「一顆の珠とは、一物の名を言うのではなく一の表現である」玄沙はその翌日、かの僧に問うていった。「尽十方世界はこれ一顆の明珠である。。汝はこれをどう理解するか」。それも一つのいい方である。昨日は断定的に説いたが、今日はことばを翻して問いの形をもって語る。昨日のいい方を逆転して、点頭(うなず)てい笑うのである。僧はいった。「尽十方世界はこれ一顆の明珠である。これを理解してどうしようというのだ」。それは賊の馬に乗って賊を逐うというものである。古仏が人のために説くには、いろいろの種類の人々のなかに赴かねばならない。時にあたっては光りをめくらして返り照らしてみなければなるまい。「理解してどうしようというのだ」などと、そのいい方にもいろいろとあろう。砂糖餅七枚ということもあろうし、草餅五枚ということもあろうが、湘水の南でも江譚の北でも、ひとしく行いて教えなければならない。」(道元:正法眼蔵・一顆明珠)

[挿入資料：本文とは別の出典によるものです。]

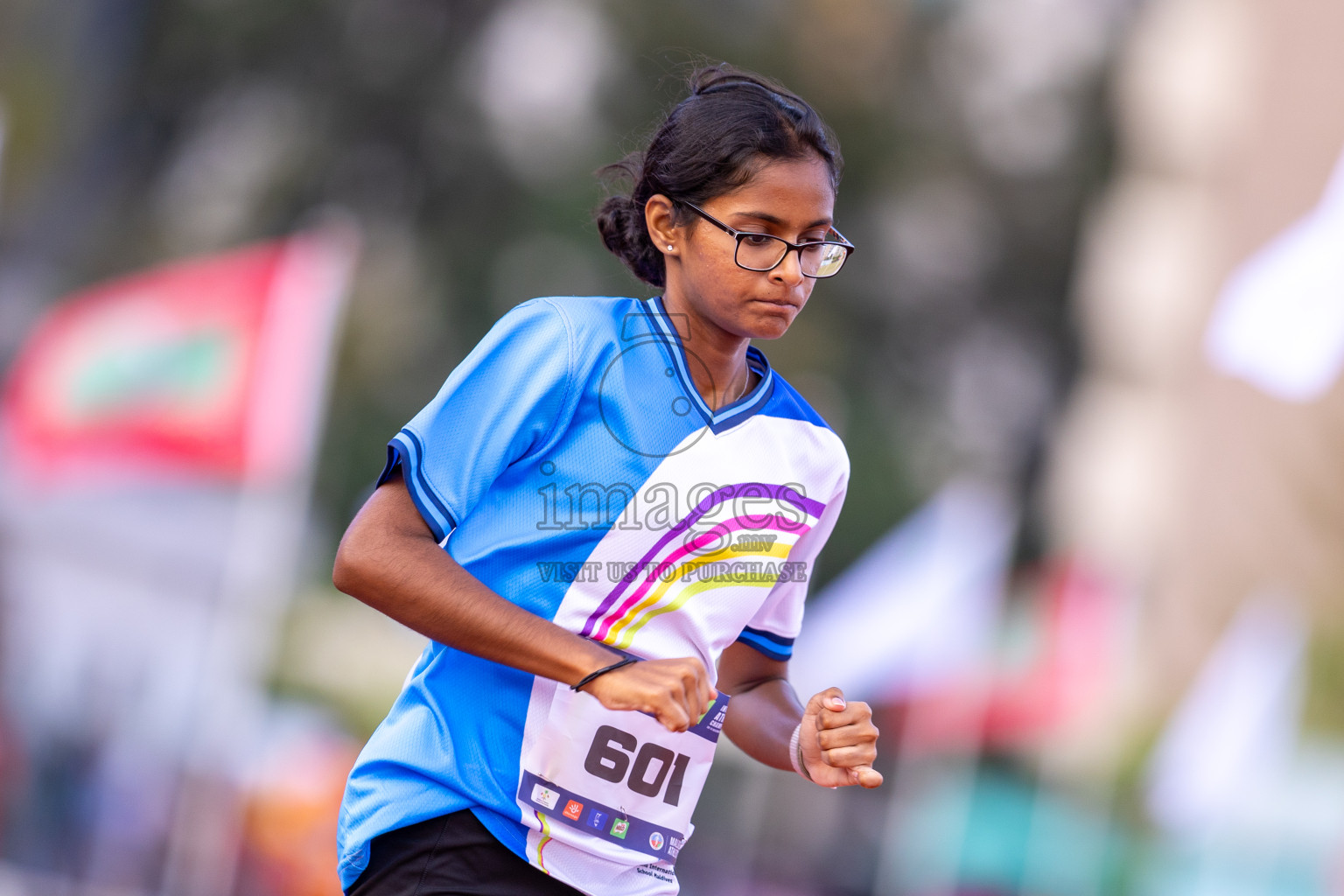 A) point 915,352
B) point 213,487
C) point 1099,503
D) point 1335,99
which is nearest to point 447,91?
point 915,352

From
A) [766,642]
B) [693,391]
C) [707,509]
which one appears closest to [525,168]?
[766,642]

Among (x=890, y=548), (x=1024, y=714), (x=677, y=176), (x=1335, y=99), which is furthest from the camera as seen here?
(x=1335, y=99)

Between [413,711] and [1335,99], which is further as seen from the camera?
[1335,99]

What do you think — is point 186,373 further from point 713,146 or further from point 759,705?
point 713,146

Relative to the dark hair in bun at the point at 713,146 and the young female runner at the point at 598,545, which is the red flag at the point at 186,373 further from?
the young female runner at the point at 598,545

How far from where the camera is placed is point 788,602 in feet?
8.95

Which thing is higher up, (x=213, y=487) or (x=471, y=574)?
(x=213, y=487)

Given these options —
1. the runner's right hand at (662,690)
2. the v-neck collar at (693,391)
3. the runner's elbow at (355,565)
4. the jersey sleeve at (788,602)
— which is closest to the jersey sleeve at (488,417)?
the runner's elbow at (355,565)

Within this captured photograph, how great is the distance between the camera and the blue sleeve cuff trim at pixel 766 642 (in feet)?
8.98

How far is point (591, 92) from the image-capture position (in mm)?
21438

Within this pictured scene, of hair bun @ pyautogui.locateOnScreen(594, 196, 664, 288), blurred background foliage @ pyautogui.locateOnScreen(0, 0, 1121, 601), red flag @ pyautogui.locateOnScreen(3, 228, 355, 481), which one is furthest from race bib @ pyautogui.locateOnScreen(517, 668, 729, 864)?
blurred background foliage @ pyautogui.locateOnScreen(0, 0, 1121, 601)

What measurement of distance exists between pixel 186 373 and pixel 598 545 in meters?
7.05

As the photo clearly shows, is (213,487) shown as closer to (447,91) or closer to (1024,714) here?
Answer: (1024,714)

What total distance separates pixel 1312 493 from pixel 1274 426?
1553 mm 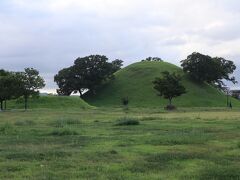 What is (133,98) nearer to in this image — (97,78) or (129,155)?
(97,78)

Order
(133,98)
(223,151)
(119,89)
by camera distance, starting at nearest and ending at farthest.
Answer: (223,151), (133,98), (119,89)

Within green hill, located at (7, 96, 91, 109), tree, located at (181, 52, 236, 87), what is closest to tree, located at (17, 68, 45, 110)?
green hill, located at (7, 96, 91, 109)

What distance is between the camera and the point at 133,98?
115250 millimetres

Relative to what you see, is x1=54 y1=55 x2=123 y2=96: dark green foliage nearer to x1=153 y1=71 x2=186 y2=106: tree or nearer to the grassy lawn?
x1=153 y1=71 x2=186 y2=106: tree

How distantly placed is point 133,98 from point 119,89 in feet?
27.5

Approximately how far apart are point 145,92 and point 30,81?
4784 cm

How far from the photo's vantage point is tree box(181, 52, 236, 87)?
114m

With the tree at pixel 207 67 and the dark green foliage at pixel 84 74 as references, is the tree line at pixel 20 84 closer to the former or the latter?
the dark green foliage at pixel 84 74

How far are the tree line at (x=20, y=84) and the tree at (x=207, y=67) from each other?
1906 inches

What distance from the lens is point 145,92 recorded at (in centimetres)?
11988

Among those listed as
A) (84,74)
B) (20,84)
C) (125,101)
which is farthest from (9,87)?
(84,74)

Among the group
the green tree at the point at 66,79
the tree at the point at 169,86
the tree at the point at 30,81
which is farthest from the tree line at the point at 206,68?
the tree at the point at 30,81

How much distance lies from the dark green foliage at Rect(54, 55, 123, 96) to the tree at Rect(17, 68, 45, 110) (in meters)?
37.2

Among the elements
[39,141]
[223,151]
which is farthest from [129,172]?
[39,141] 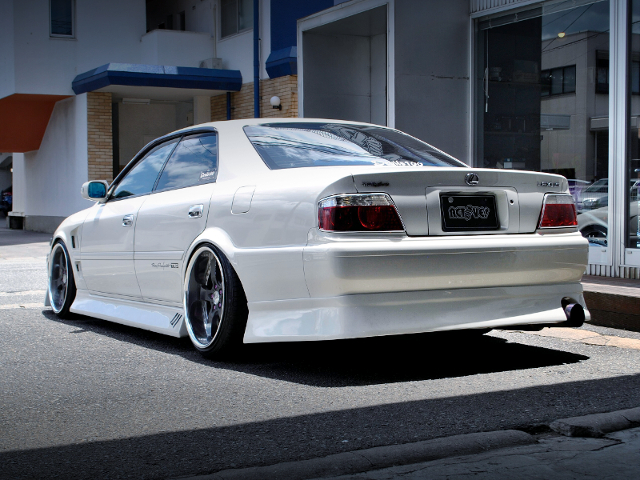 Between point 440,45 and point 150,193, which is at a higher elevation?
point 440,45

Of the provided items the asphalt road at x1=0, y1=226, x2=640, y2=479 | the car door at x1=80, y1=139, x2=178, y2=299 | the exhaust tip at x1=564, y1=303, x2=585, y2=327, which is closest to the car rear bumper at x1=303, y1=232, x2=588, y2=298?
the exhaust tip at x1=564, y1=303, x2=585, y2=327

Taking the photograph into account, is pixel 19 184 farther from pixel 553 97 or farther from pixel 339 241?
pixel 339 241

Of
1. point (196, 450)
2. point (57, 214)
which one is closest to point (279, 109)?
point (57, 214)

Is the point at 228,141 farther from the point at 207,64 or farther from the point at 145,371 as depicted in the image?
the point at 207,64

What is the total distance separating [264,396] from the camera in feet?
13.3

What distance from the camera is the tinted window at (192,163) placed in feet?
17.0

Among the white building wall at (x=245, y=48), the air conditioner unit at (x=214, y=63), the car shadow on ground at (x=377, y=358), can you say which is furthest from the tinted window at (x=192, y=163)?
the air conditioner unit at (x=214, y=63)

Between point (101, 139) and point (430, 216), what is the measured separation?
17113 mm

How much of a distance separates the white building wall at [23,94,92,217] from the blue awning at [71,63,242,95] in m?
1.30

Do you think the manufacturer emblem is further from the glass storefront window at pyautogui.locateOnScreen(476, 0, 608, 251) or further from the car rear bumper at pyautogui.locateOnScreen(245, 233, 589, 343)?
the glass storefront window at pyautogui.locateOnScreen(476, 0, 608, 251)

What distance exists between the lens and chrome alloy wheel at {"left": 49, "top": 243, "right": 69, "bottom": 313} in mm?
6755

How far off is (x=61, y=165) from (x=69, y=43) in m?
3.23

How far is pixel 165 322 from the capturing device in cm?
522

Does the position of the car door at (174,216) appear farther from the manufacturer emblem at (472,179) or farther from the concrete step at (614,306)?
the concrete step at (614,306) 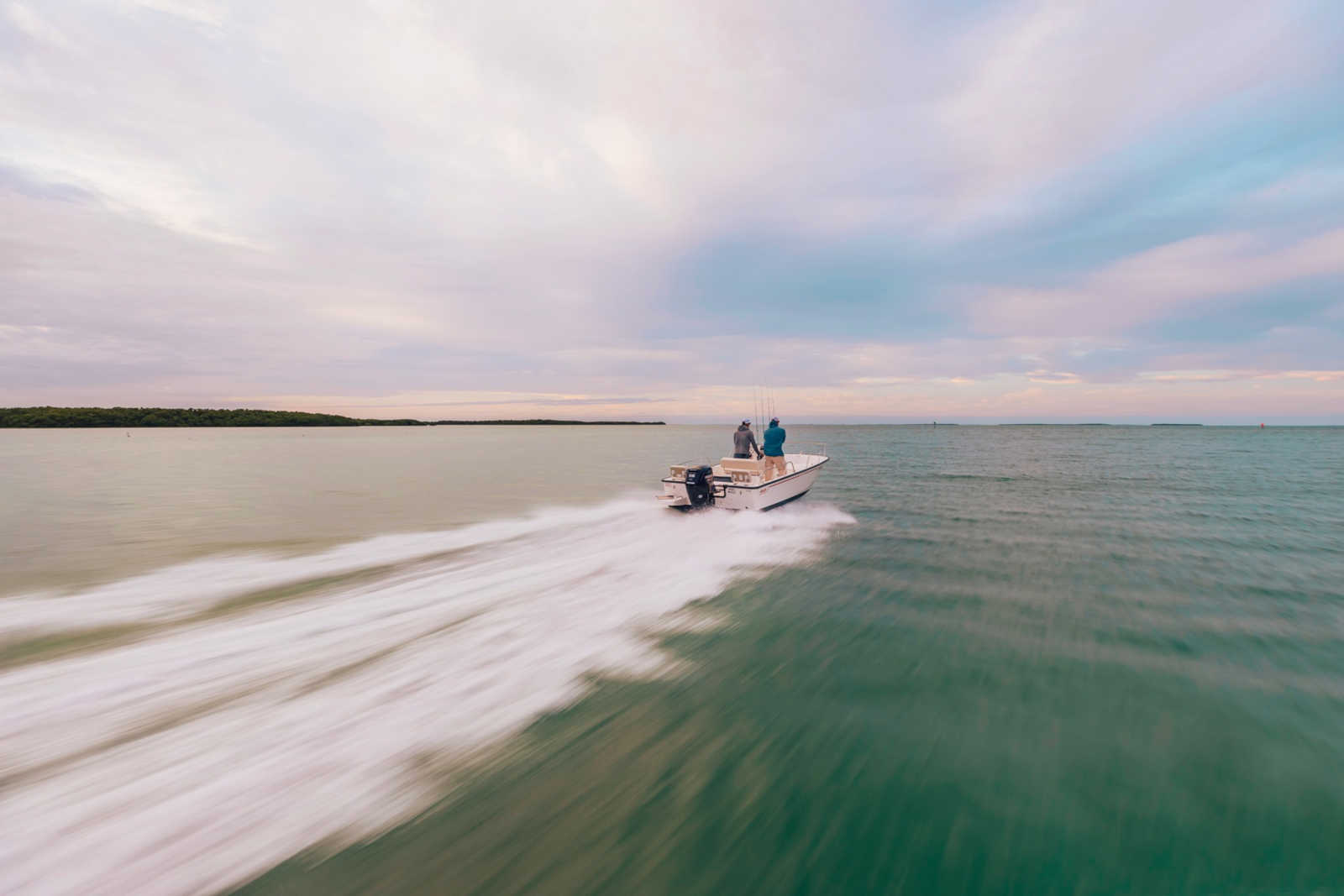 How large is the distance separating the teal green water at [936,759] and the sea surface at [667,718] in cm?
3

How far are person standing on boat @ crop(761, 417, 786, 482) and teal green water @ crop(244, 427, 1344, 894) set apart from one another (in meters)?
6.99

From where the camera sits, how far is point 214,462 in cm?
3844

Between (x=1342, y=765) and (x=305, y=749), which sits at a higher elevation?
(x=305, y=749)

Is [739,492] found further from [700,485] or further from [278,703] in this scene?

原文「玄沙、来日問其、「尽十方世界、是一顆明珠、用会作麼生会」これを道取す。昨日説定法なる、今日二枚をかりて出気す。今日説不定なり、推倒昨日点頭なり。僧日、「尽十方世界、是顆明珠、用会作麼」いふべし騎賊うま逐賊なり。古仏為汝説するには、異類中行なり。しばらく回向返照すべし。幾箇枚(きこまい)の用会作麼(ようえさも)かある試道するには、乳餅(にゆうひん)七枚、菜餅(さいひん)五枚なりといへども、湘之南譚之北の教行なり。」
回向返照:光りをめぐらして反対の角度から照らす。